神様テレビのスタッフルームで、会議が開かれていた。


 神様P「あれから、サワジュンのチャンネルはどうかしら。」


 天使D「そうですね、朝から軽快に飛ばしているようです。

    朝からあの数字は、羨ましいですね。」


 その話を聞きながら、彼をこの世界に導いた神はモニター越しに、サワジュンを眺めていた。そのとき朝のお祈りが終了し、画面は食堂へ移行していた。モニターでは、その場の映像と音声、そしてサワジュンの心の声が、テロップで流る生放送が行われていた。勿論だが、ここでサワジュンの心の声を拾い、画面上のテロップへ変換する、テロップマスターの神業が繰り出されていた。この食堂での固いパンのくだりでは、神様も吹き出しそうになっていた。基本、神様はお笑い好きなのだ。

 そんな神様がモニターを眺めていたとき、一行のテロップに目が止まる。


“美味いものを腹一杯食べたい!”このテロップを見た神様Pの目が輝いた。


 神様P(来た!来たよ!…新企画の前振り来たよ〜…)


 この時、食事中にも関わらず順平は激痛に近い神託に頭を抱えた。何が起こったのか全く理解出来ない順平。しかし、頭痛は直ぐに収まり、その事はすっかり忘れてしまうのだった。このときモニターの中に現れた文字が、午後からの順平の運命を決定づけた。

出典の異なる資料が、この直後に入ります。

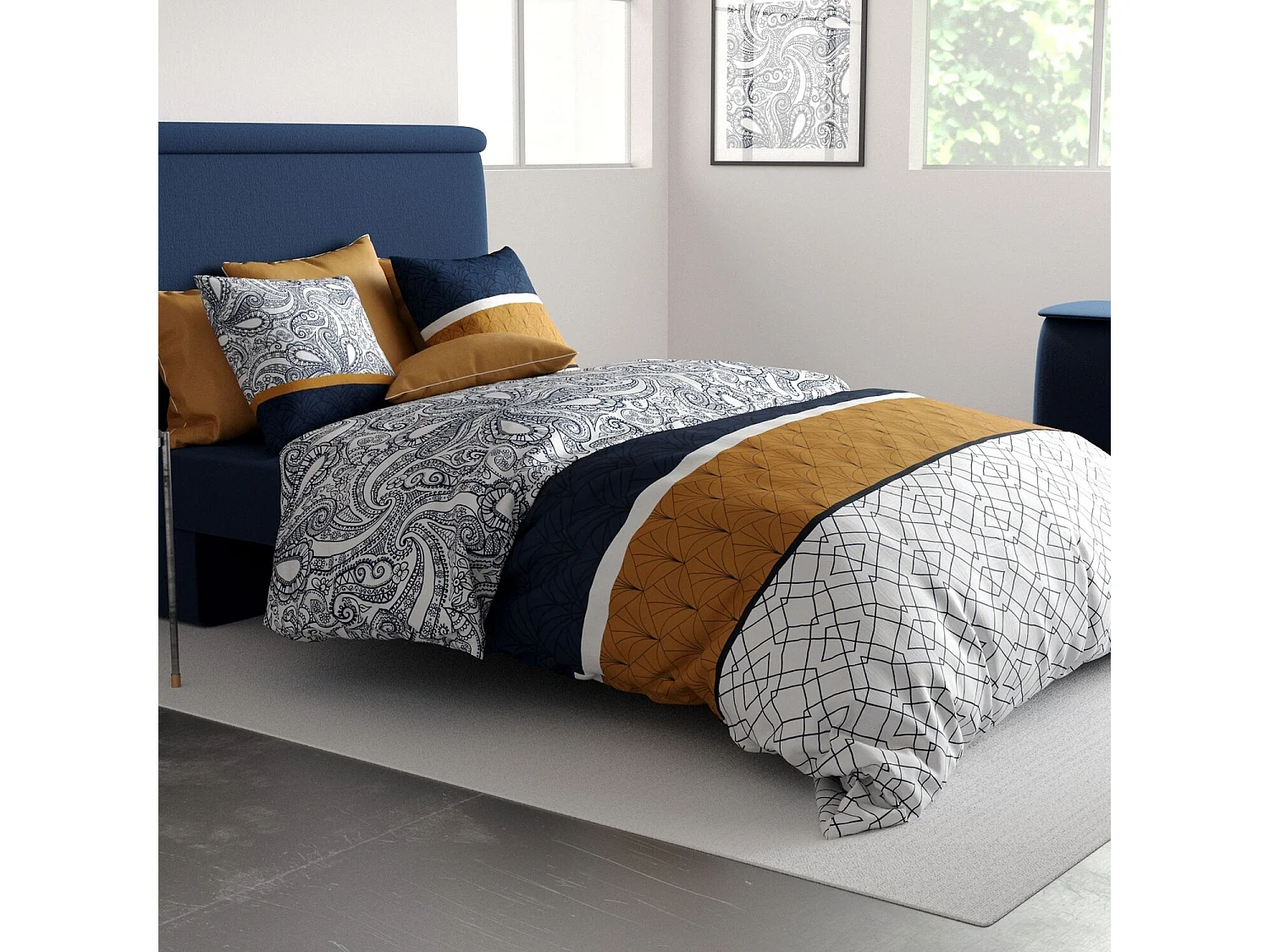 Parure Housse De Couette Dakota 100% Coton Imprimée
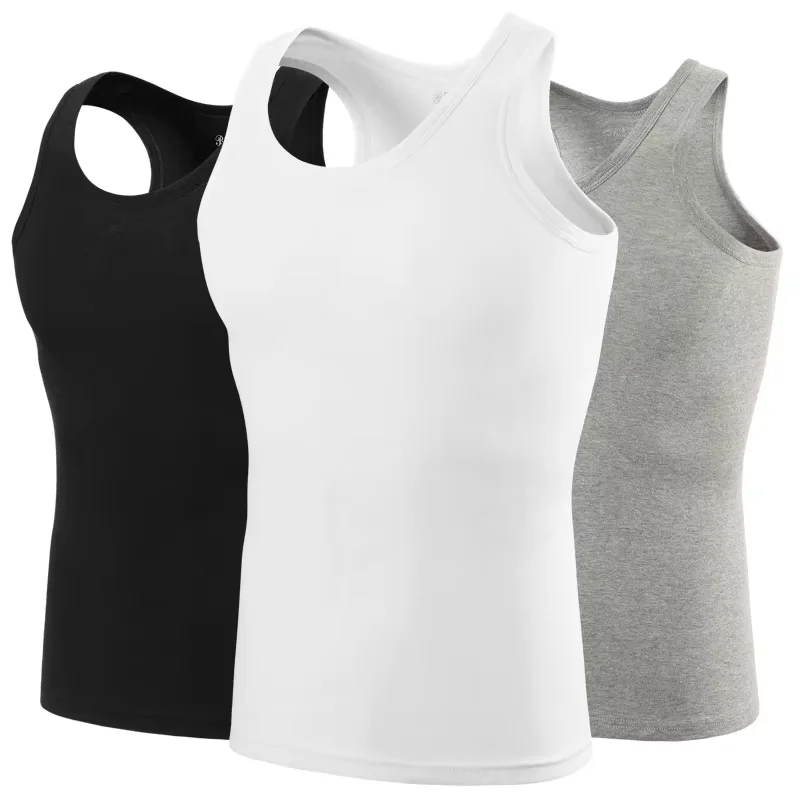3 stücke männer Tank Top MÄNNER Baumwolle Tragen Sommer Basis Ärmellose Baumwolle Alten Mann Unterhemd Hürden Übung Fitness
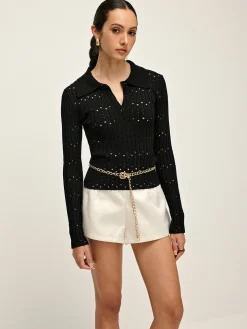 COMMENSE Hollow Button Polo Sweater Without Belt* Sweater Tops|Sweaters & Cardigans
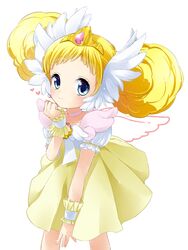  blonde_hair blue_eyes blush brooch candy_(smile_precure!) choker commentary_request double_bun female hair_bun head_wings jewelry personification precure puffy_sleeves royal_candy short_hair skirt smile_precure solo tiara white_background white_choker wings wrist_cuffs yellow_skirt yupachi 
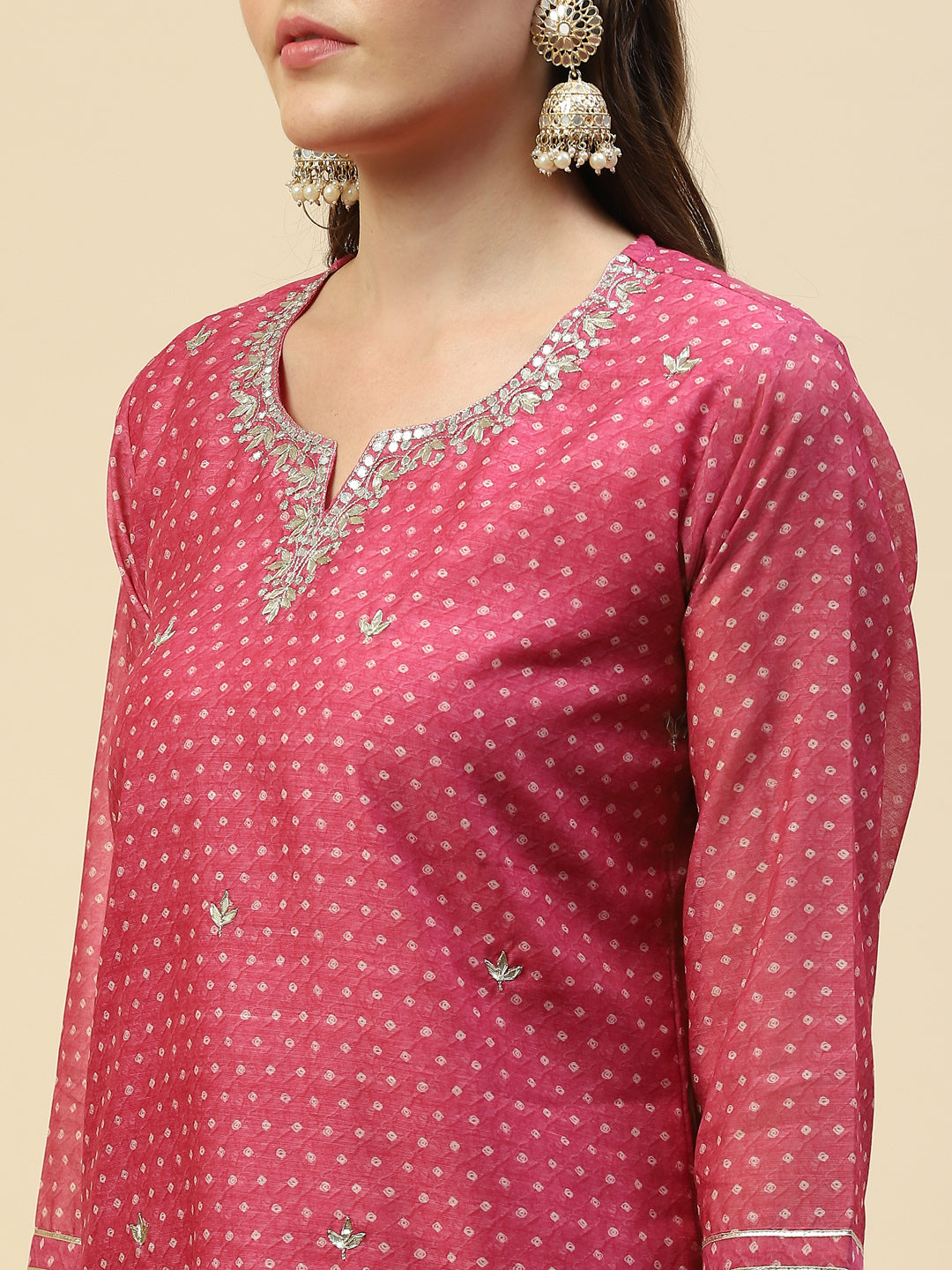 Gota Work Chanderi Kurta With Pants
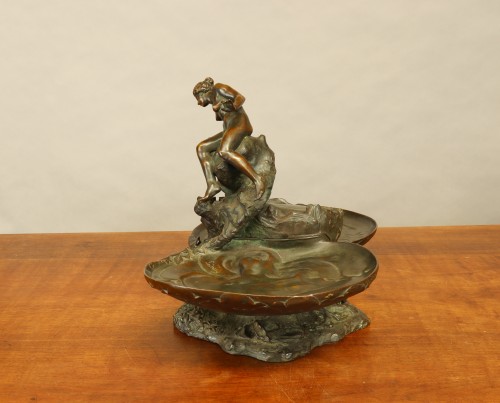 Art nouveau - Centre de table à décor de naïade par Auguste Ledru (1860-1902)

“まさかの急展開!刮目かつもくせよ、サワジュンの勇姿を!(午後から新たなステージへ)”まさに波乱の展開だった。


 そして、全てが静止した世界で独り途方に暮れていた。

 すると、前方から何か近付いて来る。何事かと眺めていたら、小さな黒い点が音もなくスルスルと近付いて来た。徐々に近付いて来る姿は、どこからどう見ても黒子だった。順平は状況が飲み込めず、呆然としていた。黒子の方はお構いなしに、ショルダーバックと馬鹿デカいしゃもじを無言で渡し去って行く。


(え?なに?これどうすればいいの。)


 心の声で聴いてみたが、全く何の反応見せず黒子は去って行った。しばらく黒子が去った方角を見詰めていたが、何の変化も起こらない。そこで、始めて渡されたものに注目した。何処からどう見ても、デカいしゃもじだった。頭の片隅を何か良からぬ思いがよぎったが、あえて無視する。そして、更にショルダーバッグの中を確認する。中には毒消しや回復薬、そしてエリクサーなどの最高級の薬品とおぼしきものが詰め込まれていた。


(これは冒険者の必需品ではないか!これは、やはり俺に冒険をせよとのメッセージか?ならば装備と武器を用意しなければ〜いや〜やっぱ冒険 ……んっ?…… )


 そこまで考えたとき、目の前で見覚えのある光景が展開されていた。

 空間に浮かぶ不自然な手。その手が上下に動いたと思うと、空間が裂けた。


「おいでませ。」


 その言葉と共に、天界の花園を思わせる光景が順平の前に開けた。

 総べてが美しく光り輝く世界、そして現れたのは後光が眩し過ぎて判別出来ないが、たぶん女神様のようだった。その後ろには、何かの巨大な設備なのかドーム状の建築物?とにかく突然過ぎて理解出来なかった。


「私、サワジュンファン倶楽部、会員ナンバー001番、女神のオルフェリアです。

 一応、美の女神もやってます。」


(……ハッ?…… サワジュンファンクラブ? 何の事だ。全く聴いてないな。

 それより、ここは天国なのだろうか。明らかに人間界とは違うようだが、生きたまま天国に来てもいいのだろうか?それよりも、俺は何をすればいいんだ?)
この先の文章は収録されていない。